### TASK TO COMPLETE
In the entries below, some lines contain "sale"; work out how many and answer with the figure only.

### MATERIAL PROVIDED
%%

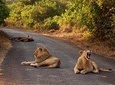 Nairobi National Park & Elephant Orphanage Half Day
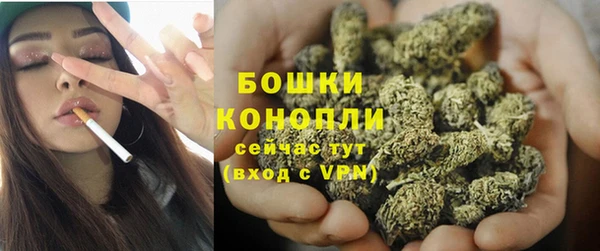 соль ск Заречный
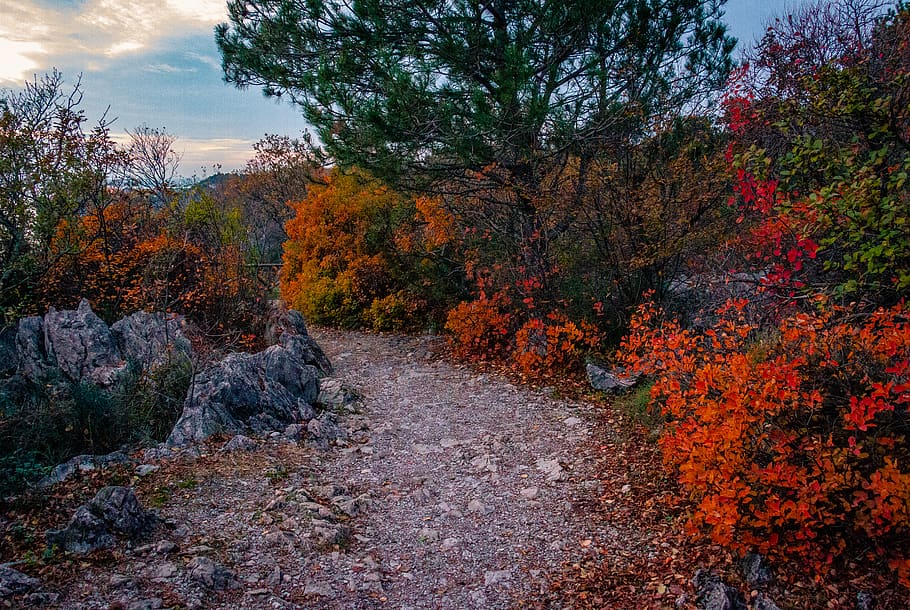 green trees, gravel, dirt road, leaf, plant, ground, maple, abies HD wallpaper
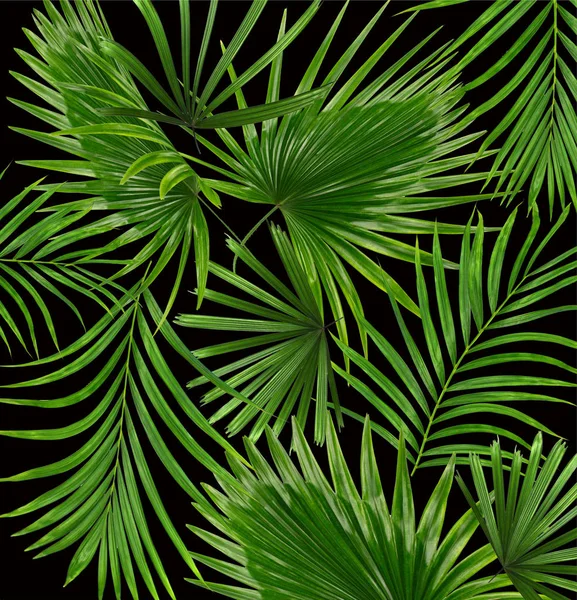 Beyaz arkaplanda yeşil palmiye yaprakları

%%
%%

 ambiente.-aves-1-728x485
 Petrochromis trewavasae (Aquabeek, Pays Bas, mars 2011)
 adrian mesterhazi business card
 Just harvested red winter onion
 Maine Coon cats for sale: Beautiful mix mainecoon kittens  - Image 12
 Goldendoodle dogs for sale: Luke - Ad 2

%%

### SOLUTION FOR THIS EXERCISE
2